DAJ CYNK

Interwencja: Orange Polska zagina czasoprzestrzeń, klienci piszą skargi

Marian Szutiak

Taryfy, promocje, usługi

Interwencja: Orange Polska zagina czasoprzestrzeń, klienci piszą skargi

W aplikacji Mój Orange trwa konkurs, w którym można wygrać atrakcyjne nagrody. Te zgarniają najszybsi. I tu pojawia się problem, na który zwraca uwagę wielu naszych Czytelników.

Orange Polska zorganizował wakacyjny konkurs "Letnie Parowanie", którego uczestnicy rywalizują o nagrody, takie jak smartfony i słuchawki marek Honor i Samsung. Zadanie polega na jak najszybszym odkryciu 12 par obrazków w aplikacji mobilnej Orange i znalezieniu wśród nich 6 par. Konkurs miał na celu umilić wakacyjny czas użytkownikom, jednak od początku budzi wiele kontrowersji.

Więcej o konkursie tutaj: Orange rozdaje flagowe smartfony. Zasady są proste

Letnie Parowanie w Mój Orange

Już w pierwszych dniach konkursu uczestnicy zaczęli zgłaszać wątpliwości co do wyników osiąganych przez niektórych graczy. Czytelnicy portalu TELEPOLIS.PL zauważyli, że w tabeli wyników zaczęły pojawiać się czasy, które zdają się być niemożliwe do osiągnięcia w zgodzie z mechaniką gry.
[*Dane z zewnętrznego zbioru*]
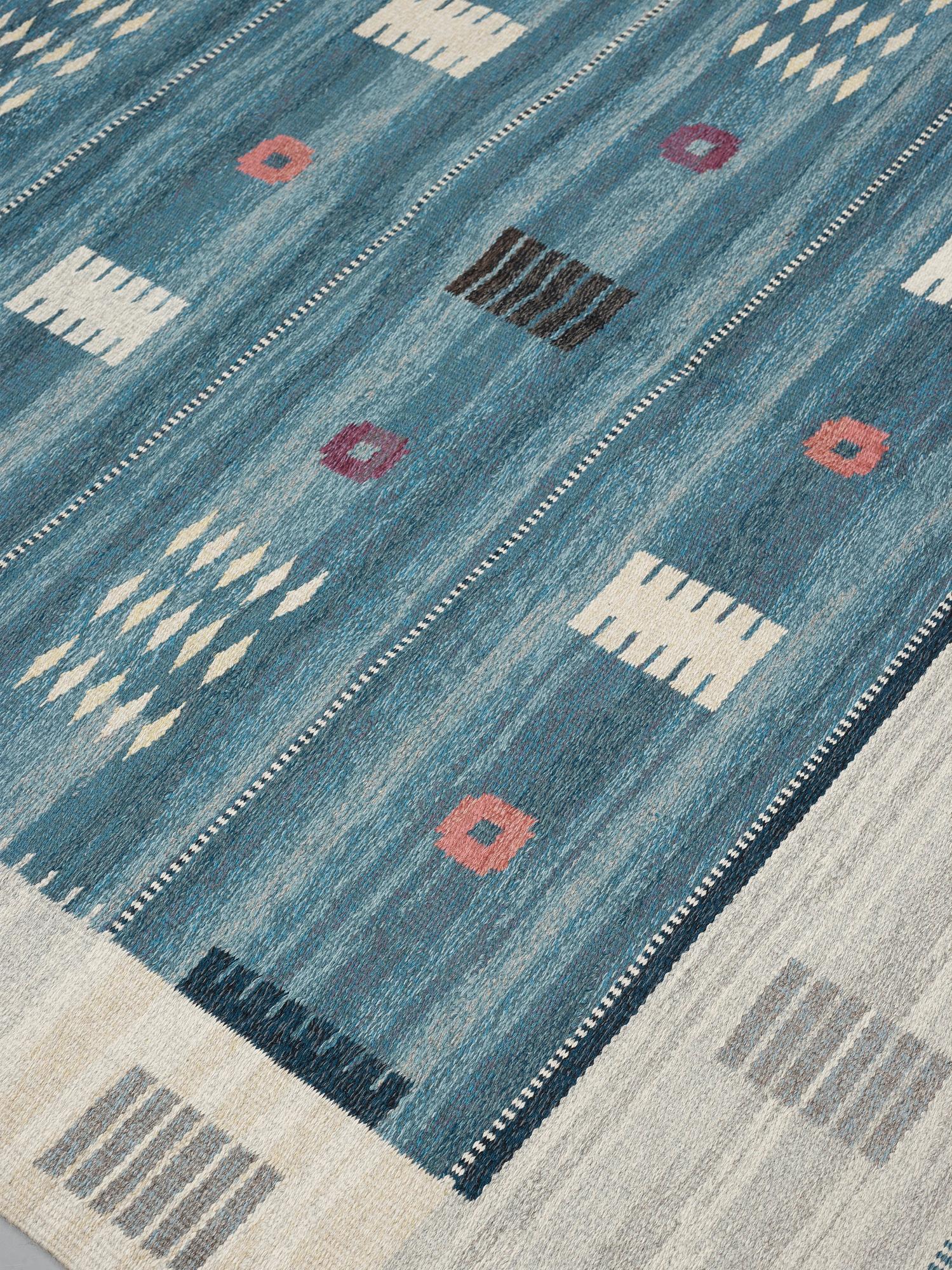 Carl Dangel, CARPET. Flat weave. 304,5 x 203 cm. Signed CD.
Jeden z graczy napisał, że najlepszy wynik wynosi obecnie 6,897 sekundy, co skomentował słowami:

Ciekawe, jakim cudem ktoś zszedł poniżej 7 sekund przy 12 obrazkach, które nieraz na smartfonie nie chcą się odkryć?

Zaniepokojeni uczestnicy podjęli próby zgłaszania swoich obaw do Orange, ale reakcja firmy okazała się dla wielu niewystarczająca. Jeden z uczestników konkursu relacjonował swoją rozmowę z konsultantką Orange, która miała doradzić mu, by spróbował zagrać na innym urządzeniu. Nie przyjęła ona argumentu, że mechanika gry uniemożliwia osiągnięcie tak niskich czasów.

Jak wiele osób to zgłosi, to może coś zdziałamy.

– podsumował gracz

Podejrzenia o manipulacje wynikami lub nawet oszustwa narastają. Inny uczestnik konkursu stwierdził:

Konkurs dla hakerów aplikacji Orange ma się w najlepsze. Obecny wynik najlepszego hakera to 7,430 sekundy. A organizatorzy nic sobie z tego nie robią.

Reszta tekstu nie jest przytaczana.